While I still would want to make mailman3 not depending on nodejs, that
helped a lot if we end up continuing to MIR nodejs.

** Description changed:

  [Availability]
  The package is already universe for quite a while and build/works fine so far.
  It is for example already used for 
https://lists.canonical.com/mailman3/postorius/lists/
  OTOH it is the nodejs core element that can/could be used for much more than 
just the mailman3 stack.
  
  For the mailman stack we'd pull in most binaries, being libnode64,
  nodejs and nodejs-doc
  
  [Rationale]
  This is part of the MIR activity for all dependencies of mailman3
  The "main" MIR of it is at bug 1775427:
  
  Mailman (2) has only python2 support, but we strive for python3,
  therefore Mailman3 which has python3 support should be promoted to main.
  
  I know this is dragging in a lot of components, but mailman3 was re-implmented
  using common frameworks and that meands django, node, ...
  
  [Security]
  
  This is one of the components of overall mailman3 stack that is not looking 
so good.
  We know of 7 CVEs of which only one is known fixed.

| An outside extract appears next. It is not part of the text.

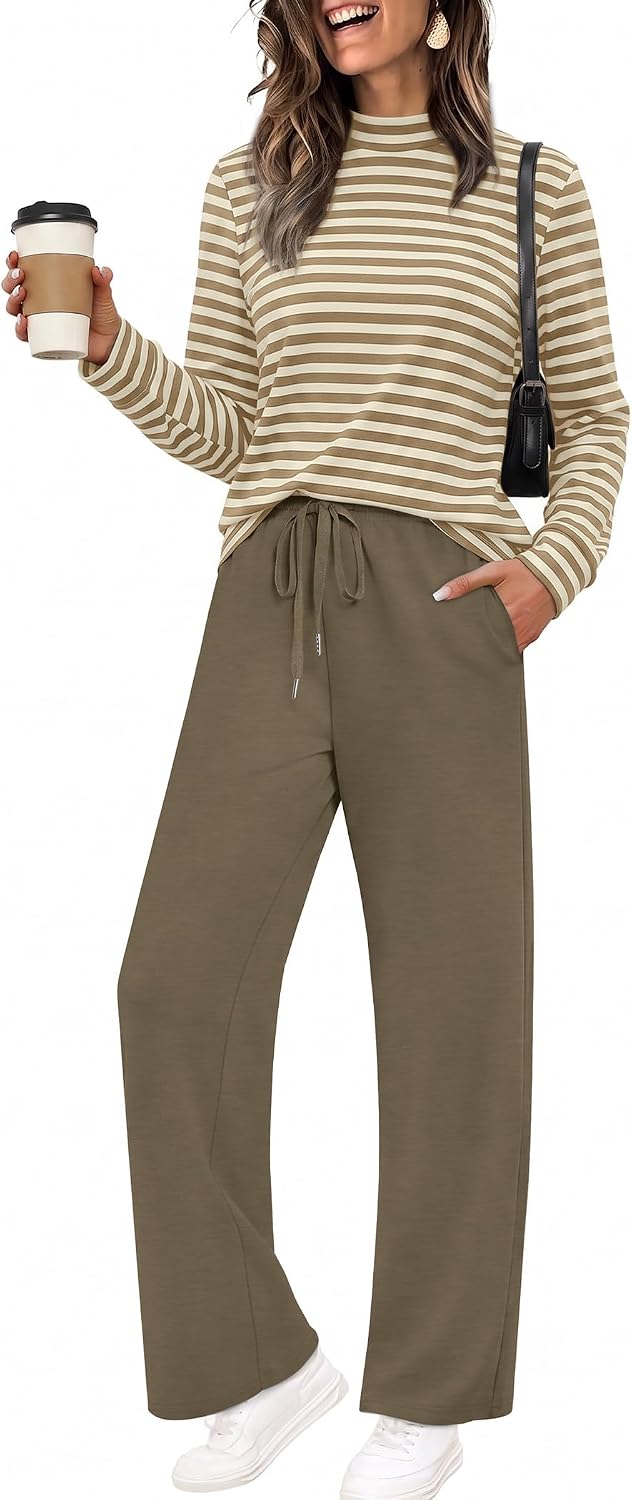 Detalle de Sampeel Women's Two-Piece Set with Mock-Neck Top and Wide-Leg Pants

  The rest would need analysis and triage to be sure
  => https://people.canonical.com/~ubuntu-security/cve/pkg/nodejs.html
  
  When checking on Mitre the list is longer, but mapping to actual src packages 
can be hard:
  => http://cve.mitre.org/cgi-bin/cvekey.cgi?keyword=nodejs
  I found no extra CVEs other than those tracked by the security Team that are 
really on src:nodejs
  
  For CVE-2019-1559 and CVE-2019-1543 we are safe due to a new openssl.
  
  CVE-2019-5737 was fixed in a recent upload that is synced to Debian.
  
  Therefore no open known issues left right now.
  
  But in general that package clearly has a higher exposure and therefore 
effort for the security Team once promoted.

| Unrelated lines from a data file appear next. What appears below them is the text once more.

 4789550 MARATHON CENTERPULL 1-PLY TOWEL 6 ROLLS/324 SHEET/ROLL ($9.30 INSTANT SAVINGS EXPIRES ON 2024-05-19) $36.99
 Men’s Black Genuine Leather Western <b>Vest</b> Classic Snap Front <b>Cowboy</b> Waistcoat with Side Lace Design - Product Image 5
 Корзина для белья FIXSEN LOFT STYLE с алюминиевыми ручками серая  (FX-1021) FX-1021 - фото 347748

  Therefore their ack is needed even more than usual.
  
  [Quality assurance]
  
  As part of the mailman3 stacks as of now (Disco) this installs fine and works 
fine.
  On itself it is useful to (many) other dependencies and does not need a post 
install configuration on its own.
  
  The package does not ask debconf questions.
  
  28 bugs in Ubuntu for this - the majority is the usual crap, but there are 
quite some SIGABRTs which reflects the effort we will have to maintain it once 
promoted to main.
  Another issue becoming clear on these reports is that the users often 
mix&match NPM with Archive versions and that is unsupported, but hard to debug 
and quite some effort.
  Also the number is that high because currently no team owns them, it seems 
many could be cleared (I did some now).
  Debian has 9 bugs open, mostly odd architecture FTBFS and a segfault that 
waits for more info - nothing critical we have to wait on.

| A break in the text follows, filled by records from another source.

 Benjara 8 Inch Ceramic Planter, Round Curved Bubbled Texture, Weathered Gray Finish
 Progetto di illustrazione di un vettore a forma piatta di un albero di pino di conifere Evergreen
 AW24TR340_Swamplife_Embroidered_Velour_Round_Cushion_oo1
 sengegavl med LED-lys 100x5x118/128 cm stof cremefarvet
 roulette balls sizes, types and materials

  Upstream OTOH seems very active, there are 596 open and 8989 closed bugs.
  
  The package seems to get regular updates by upstream and Debian.
  
  No exotic HW involved.
  
  The package utilizes a lot build time self tests.
  In addition it has some (trivial) autopkgtests that would e.g. detect 
breakage by a main node.js upgrade.
  
- No Lintian warning except a few newer Standards/Compat versions and watch GPG 
checks - nothing severe.
- In addition there are a bunch of warnings about the js objects like
- P: nodejs source: insane-line-length-in-source-file 
test/fixtures/throws_error5.js line length is 516 characters (>512)
- P: nodejs source: source-contains-prebuilt-javascript-object 
test/fixtures/throws_error5.js line length is 516 characters (>512)
- But that is exactly what nodejs is about, I don#t think this is a problem.
+ No Lintian warning except a few newer Standards/Compat versions and watch GPG 
checks and a few false positives about too long lines - nothing severe.
  It also has
- W: nodejs source: patch-file-present-but-not-mentioned-in-series 
2012_kfreebsd.patch
- but that isn't important for non BSD builds.
+ W: nodejs source: patch-file-present-but-not-mentioned-in-series 
2012_kfreebsd.patch but that isn't important for non BSD builds and just kept 
around for their comfort.
  
  The package does not rely on demoted or obsolete packages.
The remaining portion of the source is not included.